O caso chegou ao conhecimento da CPI dos Bingos, mas a comissão não avançou nas investigações em torno do bicheiro. O advogado de Cícero Lucena disse desconhecer a existência dos cheques e descartou qualquer envolvimento da prefeitura com o chefe do crime organizado em Mato Grosso. “Isso nem está citado no processo. Não tenho conhecimento dessa acusação”, afirmou Agra.


 


Assunto ignorado


 


Em depoimento à CPI dos Bingos, em 27 de julho do ano passado, o então procurador da República em Mato Grosso Pedro Taques, que ajudou a desvendar as transações do Comendador, já havia alertado os senadores sobre o assunto. 


 


“O Banco Central, auxiliando o Ministério  Público Federal, desvendou que a prefeitura de João Pessoa na Paraíba também  havia depositado R$ 1,9 milhão nas contas desse cidadão chamado João Arcanjo  Ribeiro”, disse Taques.
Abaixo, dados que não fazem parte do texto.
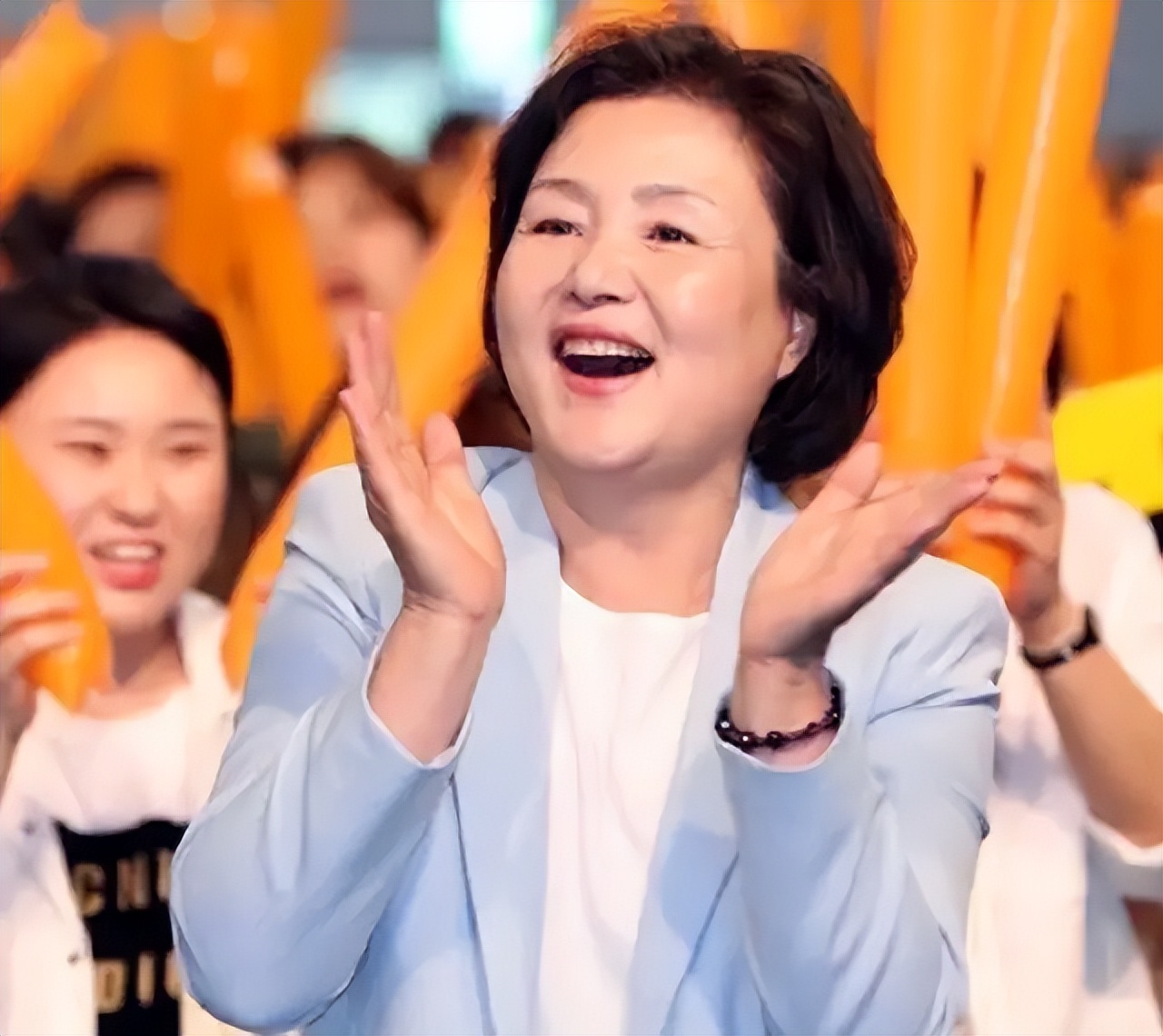 文在寅夫人近期消息,文在寅向韩国发钱了吗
A citação do procurador não despertou a atenção dos integrantes da comissão, que se limitaram apenas a manter a informação nas notas taquigráficas.


 


A eventual ligação entre o bicheiro e integrantes do PSDB mato-grossense chegou a ser alvo de inquérito da Polícia Federal em Mato Grosso. A denúncia, não levada adiante pela CPI dos Bingos, era de que diversas empresas ilegais de factoring montadas pelo Comendador teriam irrigado dinheiro em campanhas eleitorais de tucanos entre 1994 e 2002 no estado.


 


Ex-ministro do Planejamento


 


Eleito com 803.600 votos (48,25% dos válidos), Cícero Lucena ocupará, a partir de fevereiro, a vaga de Ney Suassuna, cuja cassação será votada pelo Conselho de Ética nesta quarta-feira (8). Aos 50 anos de idade, o novo senador chega a Brasília com um currículo destacado. Primo do ex-presidente do Senado Humberto Lucena (PMDB-PB), morto em 1998, ele governou a Paraíba por oito meses, em 1994, quando assumiu, na condição de vice, o lugar do titular, Ronaldo Cunha Lima.


 


No ano seguinte, Cícero foi nomeado ministro do Planejamento no governo Fernando Henrique Cardoso. De lá saiu para conquistar a prefeitura de João Pessoa, à frente da qual se manteve por dois mandatos. Até o ano passado, foi secretário de Planejamento do atual governador Cássio Cunha Lima (PSDB).